What you are asked to do>
Transcribe the stretch of entries below from the line with "Wire Heart Lock Locker Lock 29ea" through the line with "Tênis de Trail", exactly and with both ends included; leave out all other lines.

Given data>
───

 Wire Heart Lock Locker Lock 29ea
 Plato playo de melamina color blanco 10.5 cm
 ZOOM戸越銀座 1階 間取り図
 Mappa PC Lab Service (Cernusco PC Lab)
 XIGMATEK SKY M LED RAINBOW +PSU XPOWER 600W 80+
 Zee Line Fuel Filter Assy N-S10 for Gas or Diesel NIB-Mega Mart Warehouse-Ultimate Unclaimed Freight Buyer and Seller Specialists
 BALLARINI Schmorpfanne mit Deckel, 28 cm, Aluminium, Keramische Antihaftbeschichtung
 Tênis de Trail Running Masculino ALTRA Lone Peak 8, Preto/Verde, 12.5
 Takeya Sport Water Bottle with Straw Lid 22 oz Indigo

───

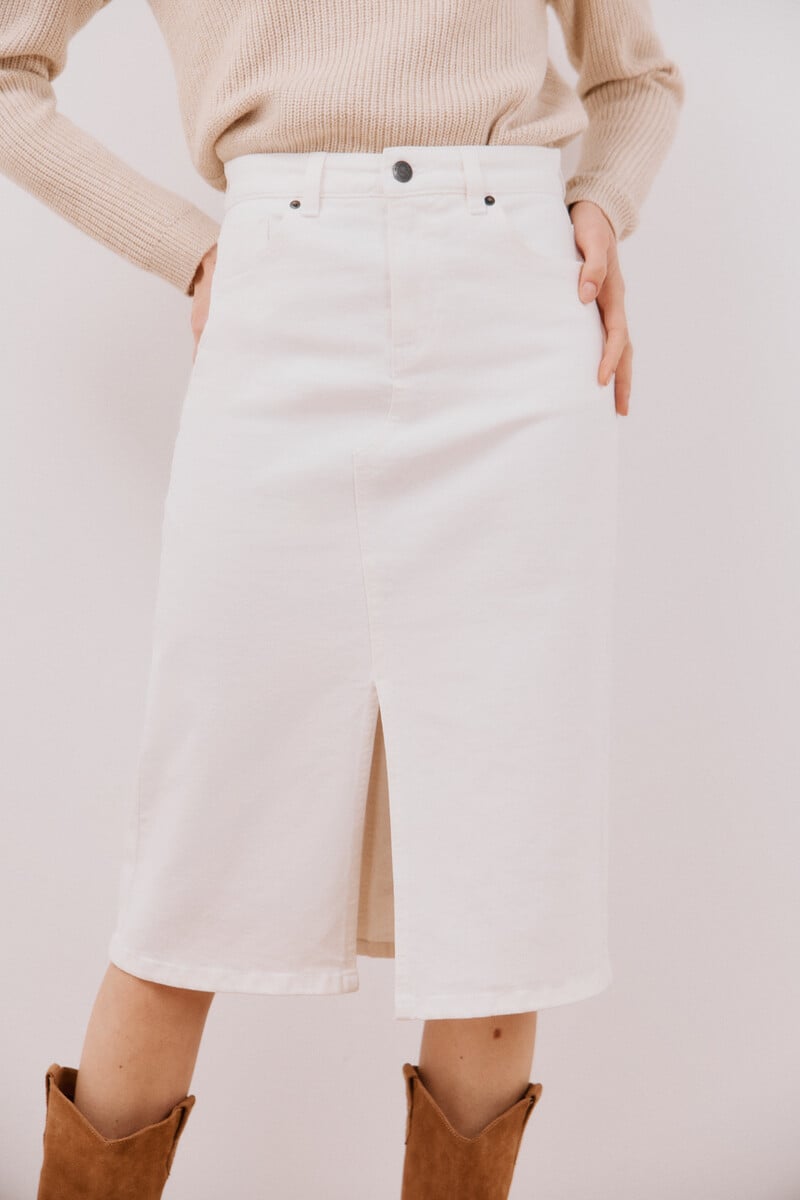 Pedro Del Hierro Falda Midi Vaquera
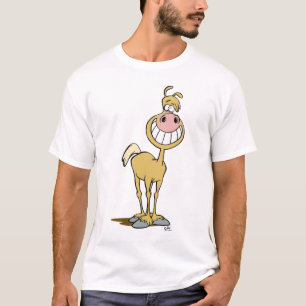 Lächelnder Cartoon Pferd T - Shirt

───

Exercise result>
 Wire Heart Lock Locker Lock 29ea
 Plato playo de melamina color blanco 10.5 cm
 ZOOM戸越銀座 1階 間取り図
 Mappa PC Lab Service (Cernusco PC Lab)
 XIGMATEK SKY M LED RAINBOW +PSU XPOWER 600W 80+
 Zee Line Fuel Filter Assy N-S10 for Gas or Diesel NIB-Mega Mart Warehouse-Ultimate Unclaimed Freight Buyer and Seller Specialists
 BALLARINI Schmorpfanne mit Deckel, 28 cm, Aluminium, Keramische Antihaftbeschichtung
 Tênis de Trail Running Masculino ALTRA Lone Peak 8, Preto/Verde, 12.5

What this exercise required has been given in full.